Fear was crucially important, he explained, because its existence was the vitally necessary degree of protection that meant that the scam merchant could guarantee he would not be exposed. Most victims ultimately came to realise that the scheme they had adopted was utterly risible, totally ridiculous and utterly laughable and that they had been conned, but then were incapable of doing anything about it. Indeed, the quicker they came to the unmistakable conclusion that they had been fooled, the better, because then the con-man could move on to the next ‘mark’, knowing he was safe from investigation.
The true expert, he said, was the con man who having successfully gulled a victim the first time, could go back and gull him again. While not an every-day occurrence, he had achieved it many times himself, using a variation on the greed and fear link, by playing on the victim’s willingness to accept that the second time around, things might get better, and that the business opportunity might just pay off. Like the inveterate gambler, the victim becomes the cause of his own downfall, and continues to try to beat the odds, sooner than admit he has been completely fooled.

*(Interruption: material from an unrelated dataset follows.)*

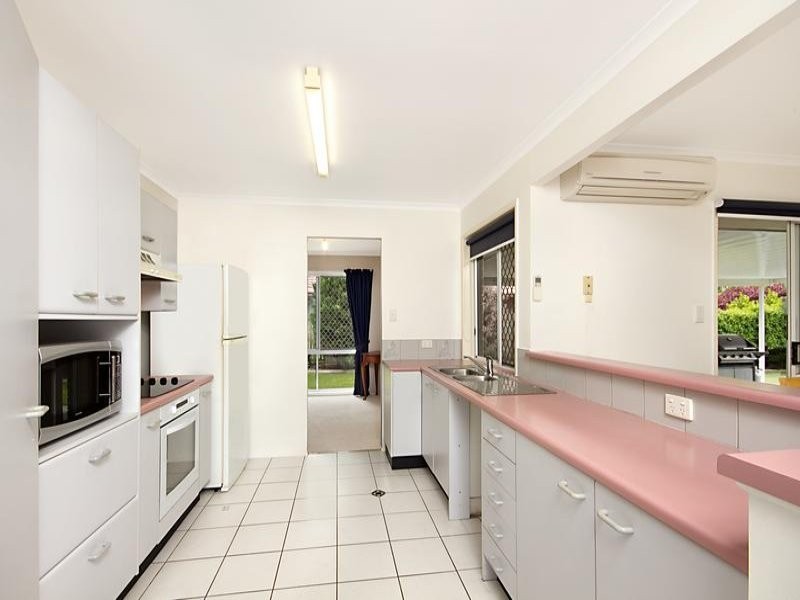 137 Emerald Drive, Regents Park QLD 4118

This method, in his opinion, worked best in the working environment, when management could be more easily encouraged to believe that apparent failures to deliver on commitments could be explained by external circumstances such as a change in management in a client company, a purchasing policy shift, or the removal of a key business facilitator.

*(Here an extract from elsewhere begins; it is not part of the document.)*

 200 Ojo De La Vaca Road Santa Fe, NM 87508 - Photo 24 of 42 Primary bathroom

Most importantly of all in the work environment, if the con artist had the ability to promote others in his own immediate team to more senior positions, or to arrange for their internal reward, then this state of affairs could be allowed to continue almost indefinitely. Someone with real ability who would not fall in with the ethic of the group and who pointed out that internal policies were wrong or damaging, had to be got rid of as quickly as possible and ridiculed or smeared to make them seem foolish or worse, disaffected. Perception of others’ ability is always more important than real proof of competence. ‘People who can’, generally do, and are usually always overlooked or. People who talk about doing, generally get more attention. As long as the con-man can keep persuading others that he and his team are hugely effective, regardless of the truth, then more and more non-connected individuals would, when observing the almost inexorable rise of his direct reports, assume that they must be doing something special, if only to justify the realisation of their promotion or recognition...

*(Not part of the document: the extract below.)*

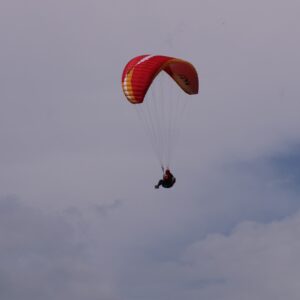 Paraglider in de lucht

Eventually, I had to give up on him. No-one wanted to give evidence against him, in fact, there were very rarely any complainants, despite the large number of people I suspected he had scammed. He died a very rich man.
When I heard he was ill and in hospital, I went to see him. I have to admit that I had become very fond of the old rogue, as his refreshing openness about himself and his incorrigible ways was almost addictive. Sitting by his bed, I asked him;
‘Is there anyone you couldn’t con’?
He smiled, and patting my arm he said;
‘Of course there is, you can’t con an honest man!’
But then he smiled even wider and said;
‘Of course, there aren’t too many of them around!’